The apparent goal: gain top billing for The North Face brand in Google’s image search results, which are increasingly important as Google increases their prominence in the SERPs.

There was just one problem with Leo Burnett Tailor Made’s product placement stroke of genius: it constituted a hijacking of the popular volunteer-edited encyclopedia — a total violation of both the spirit of the service and its terms of use.

But it gets worse: the agency boasted about its dubious behavior in a video in which it stated, “We did what no one has done before. We hacked the results to reach one of the most difficult places: the top of the world’s largest search engine”. In an AdAge article, the agency noted that one of its biggest challenges was making it happen “without attracting attention [from] Wikipedia moderators.”

And it gets even worse: The North Face Brazil CEO Fabricio Luzzi also boasted about the effort. “Our mission is to expand our frontiers so that our consumers can overcome their limits. With the ‘Top of Images’ project, we achieved our positioning and placed our products in a fully contextualized manner as items that go hand in hand with these destinations,” he said.

After AdAge brought the shady effort into public view, the Wikimedia Foundation, which runs Wikipedia, quickly responded.

In a statement, the organization lambasted The North Face and argued that what the company did “was akin to defacing public property.” Wikipedia noted the irony of The North Face’s campaign given that “their stated mission, ‘unchanged since 1966,’ is to ‘support the preservation of the outdoors’—a public good held in trust for all of us.”

It suggested that the public should be angry at the retailer:

“When The North Face exploits the trust you have in Wikipedia to sell you more clothes, you should be angry. Adding content that is solely for commercial promotion goes directly against the policies, purpose and mission of Wikipedia to provide neutral, fact-based knowledge to the world.”
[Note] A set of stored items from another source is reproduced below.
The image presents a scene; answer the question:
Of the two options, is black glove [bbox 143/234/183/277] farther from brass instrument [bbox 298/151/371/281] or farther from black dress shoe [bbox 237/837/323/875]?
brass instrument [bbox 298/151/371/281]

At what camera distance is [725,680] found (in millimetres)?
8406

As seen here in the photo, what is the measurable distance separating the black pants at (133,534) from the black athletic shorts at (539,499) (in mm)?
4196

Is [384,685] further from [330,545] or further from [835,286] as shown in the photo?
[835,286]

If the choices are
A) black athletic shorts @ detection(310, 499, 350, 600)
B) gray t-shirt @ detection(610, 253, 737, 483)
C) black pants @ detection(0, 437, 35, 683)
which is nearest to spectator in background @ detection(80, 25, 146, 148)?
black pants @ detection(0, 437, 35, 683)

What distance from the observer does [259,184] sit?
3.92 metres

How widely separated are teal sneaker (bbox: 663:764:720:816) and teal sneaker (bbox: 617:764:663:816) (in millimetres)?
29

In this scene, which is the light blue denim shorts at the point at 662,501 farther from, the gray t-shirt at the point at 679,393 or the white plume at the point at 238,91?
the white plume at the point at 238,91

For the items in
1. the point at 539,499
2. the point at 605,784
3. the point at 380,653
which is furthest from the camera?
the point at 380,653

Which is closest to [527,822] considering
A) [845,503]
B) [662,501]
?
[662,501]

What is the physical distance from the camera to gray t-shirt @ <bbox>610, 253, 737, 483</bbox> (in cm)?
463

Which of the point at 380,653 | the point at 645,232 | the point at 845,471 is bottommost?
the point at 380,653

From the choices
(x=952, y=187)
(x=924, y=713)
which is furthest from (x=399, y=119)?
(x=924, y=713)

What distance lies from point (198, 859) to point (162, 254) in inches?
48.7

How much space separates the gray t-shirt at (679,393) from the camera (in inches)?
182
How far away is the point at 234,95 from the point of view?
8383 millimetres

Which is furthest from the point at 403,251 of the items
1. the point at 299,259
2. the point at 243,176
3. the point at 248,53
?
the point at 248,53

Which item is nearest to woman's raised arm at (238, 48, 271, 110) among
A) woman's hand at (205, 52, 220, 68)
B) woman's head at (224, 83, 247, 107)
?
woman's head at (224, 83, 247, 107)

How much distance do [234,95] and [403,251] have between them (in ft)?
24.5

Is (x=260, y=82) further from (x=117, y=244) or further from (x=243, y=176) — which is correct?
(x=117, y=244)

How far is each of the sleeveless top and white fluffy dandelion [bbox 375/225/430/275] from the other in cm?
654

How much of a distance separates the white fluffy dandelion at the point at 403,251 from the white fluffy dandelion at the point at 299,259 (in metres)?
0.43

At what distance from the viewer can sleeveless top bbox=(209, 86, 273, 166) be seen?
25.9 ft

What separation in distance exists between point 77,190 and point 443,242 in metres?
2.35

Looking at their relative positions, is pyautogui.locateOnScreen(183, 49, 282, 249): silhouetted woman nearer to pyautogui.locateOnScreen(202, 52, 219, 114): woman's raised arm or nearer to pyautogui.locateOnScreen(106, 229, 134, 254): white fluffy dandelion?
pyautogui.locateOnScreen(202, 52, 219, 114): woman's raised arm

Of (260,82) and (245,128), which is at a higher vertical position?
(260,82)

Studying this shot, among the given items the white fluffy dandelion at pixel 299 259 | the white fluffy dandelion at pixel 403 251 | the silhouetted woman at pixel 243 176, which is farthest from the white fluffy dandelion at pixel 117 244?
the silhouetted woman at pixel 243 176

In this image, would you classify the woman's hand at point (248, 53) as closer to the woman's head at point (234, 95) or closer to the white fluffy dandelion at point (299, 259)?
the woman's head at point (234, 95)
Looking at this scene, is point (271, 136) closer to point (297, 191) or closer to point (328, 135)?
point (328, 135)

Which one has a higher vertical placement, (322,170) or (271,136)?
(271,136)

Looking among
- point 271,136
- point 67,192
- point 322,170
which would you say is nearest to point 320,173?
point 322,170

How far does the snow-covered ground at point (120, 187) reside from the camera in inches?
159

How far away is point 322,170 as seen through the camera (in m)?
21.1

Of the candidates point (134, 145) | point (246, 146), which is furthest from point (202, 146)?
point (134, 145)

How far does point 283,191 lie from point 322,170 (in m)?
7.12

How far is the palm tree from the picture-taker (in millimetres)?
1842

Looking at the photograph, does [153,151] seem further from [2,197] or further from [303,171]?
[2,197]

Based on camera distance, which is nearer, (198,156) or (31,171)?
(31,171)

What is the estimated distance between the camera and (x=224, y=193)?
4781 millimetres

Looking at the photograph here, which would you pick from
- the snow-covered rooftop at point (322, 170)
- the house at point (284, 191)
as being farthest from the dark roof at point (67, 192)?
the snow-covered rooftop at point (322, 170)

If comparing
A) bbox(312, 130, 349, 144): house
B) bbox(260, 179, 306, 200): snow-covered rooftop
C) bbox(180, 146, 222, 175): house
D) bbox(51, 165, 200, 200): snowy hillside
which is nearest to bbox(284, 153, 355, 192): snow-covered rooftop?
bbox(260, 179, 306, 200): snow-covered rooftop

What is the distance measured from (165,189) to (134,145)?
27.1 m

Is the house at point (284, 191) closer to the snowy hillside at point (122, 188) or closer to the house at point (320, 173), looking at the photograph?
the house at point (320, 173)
On Twitter, some heeded the Wikimedia Foundation’s calls and tweet-shamed The North Face.


Not surprisingly, The North Face had no choice but to apologise for its transgression. “Effective immediately, we have ended the campaign and moving forward, we’ll strive to do better and commit to ensuring that our teams and vendors are better trained on Wikipedia’s site policies,” it stated.
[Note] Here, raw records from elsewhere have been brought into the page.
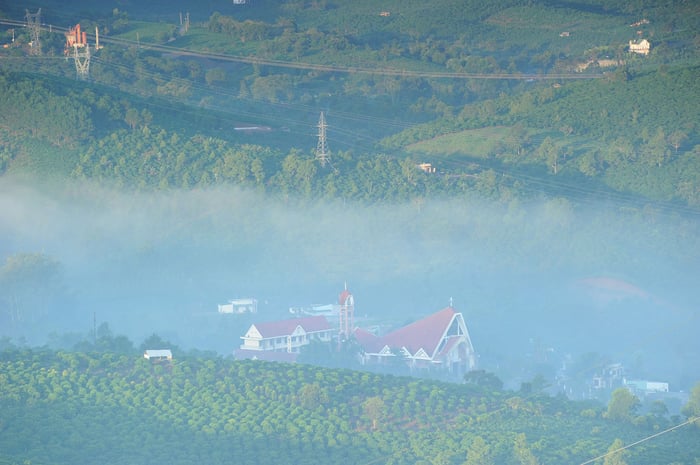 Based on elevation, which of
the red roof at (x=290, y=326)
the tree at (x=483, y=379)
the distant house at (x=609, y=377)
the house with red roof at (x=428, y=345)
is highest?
the red roof at (x=290, y=326)

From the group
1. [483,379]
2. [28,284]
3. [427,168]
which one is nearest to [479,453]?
[483,379]

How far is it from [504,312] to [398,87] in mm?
22759

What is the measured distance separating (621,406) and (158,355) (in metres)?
11.2

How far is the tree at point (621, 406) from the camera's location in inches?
1526

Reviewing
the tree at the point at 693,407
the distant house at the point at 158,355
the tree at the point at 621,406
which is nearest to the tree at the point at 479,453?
the tree at the point at 621,406

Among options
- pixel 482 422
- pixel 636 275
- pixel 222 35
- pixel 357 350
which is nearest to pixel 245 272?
pixel 357 350

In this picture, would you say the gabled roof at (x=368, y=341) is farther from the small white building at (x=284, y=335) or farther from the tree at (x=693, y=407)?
the tree at (x=693, y=407)

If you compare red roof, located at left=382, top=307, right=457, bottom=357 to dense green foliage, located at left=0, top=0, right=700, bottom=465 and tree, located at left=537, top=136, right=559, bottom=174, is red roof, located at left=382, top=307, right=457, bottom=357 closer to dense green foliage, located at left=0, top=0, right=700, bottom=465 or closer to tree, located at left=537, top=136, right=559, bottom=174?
dense green foliage, located at left=0, top=0, right=700, bottom=465

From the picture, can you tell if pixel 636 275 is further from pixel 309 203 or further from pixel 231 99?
pixel 231 99

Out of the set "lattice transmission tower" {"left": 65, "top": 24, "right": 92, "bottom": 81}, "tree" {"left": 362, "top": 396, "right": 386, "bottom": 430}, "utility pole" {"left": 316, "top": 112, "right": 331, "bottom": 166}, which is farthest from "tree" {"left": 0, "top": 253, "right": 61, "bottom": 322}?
"lattice transmission tower" {"left": 65, "top": 24, "right": 92, "bottom": 81}

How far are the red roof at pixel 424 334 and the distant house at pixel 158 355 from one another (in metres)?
8.59

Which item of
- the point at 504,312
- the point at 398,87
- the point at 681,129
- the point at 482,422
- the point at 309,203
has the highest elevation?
the point at 398,87

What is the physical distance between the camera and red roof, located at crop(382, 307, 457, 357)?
1774 inches

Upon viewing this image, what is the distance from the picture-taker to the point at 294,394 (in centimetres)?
3703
Leo Burnett Tailor Made’s apology wasn’t exactly an apology. Instead, the agency effectively took the opportunity to once again praise itself. “Leo Burnett Tailor Made found a unique way to contribute photography of adventure destinations to their respective Wikipedia articles while achieving the goal of elevating those images in search rankings. We’re always looking for creative ways to meet consumers where they are.”

Both The North Face and Leo Burnett Tailor Made claimed they weren’t aware of Wikipedia’s rules. There are two possibilities: either the large brand and its large agency didn’t know that Wikipedia wasn’t a commercial playground, or they’re simply feigning ignorance in an attempt to blunt the backlash.

Neither is a good look.

What’s particularly head-scratching is that it’s hard to imagine this tactic actually increased sales or resulted in meaningful earned media. Indeed, the fact that apparently nobody noticed that The North Face had hijacked Wikipedia with commercial images before Leo Burnett Tailor Made started bragging about it speaks volumes about the efficacy of the effort, or lack thereof.

While it’s easy to criticise The North Face and Leo Burnett Tailor Made, the reality is that they are almost certainly not the only big brand and agency that either lacks basic knowledge and common sense about digital marketing, or is willing to employ dubious tactics in pursuit of equally dubious gains.

It’s 2019. Big brands and agencies should know the rules of the road for popular websites and platforms, and even if for some reason they don’t, they should by now have developed an intuitive sense for what’s ethically right and wrong in digital marketing.

Those that don’t should recognize the virtues of getting with the program.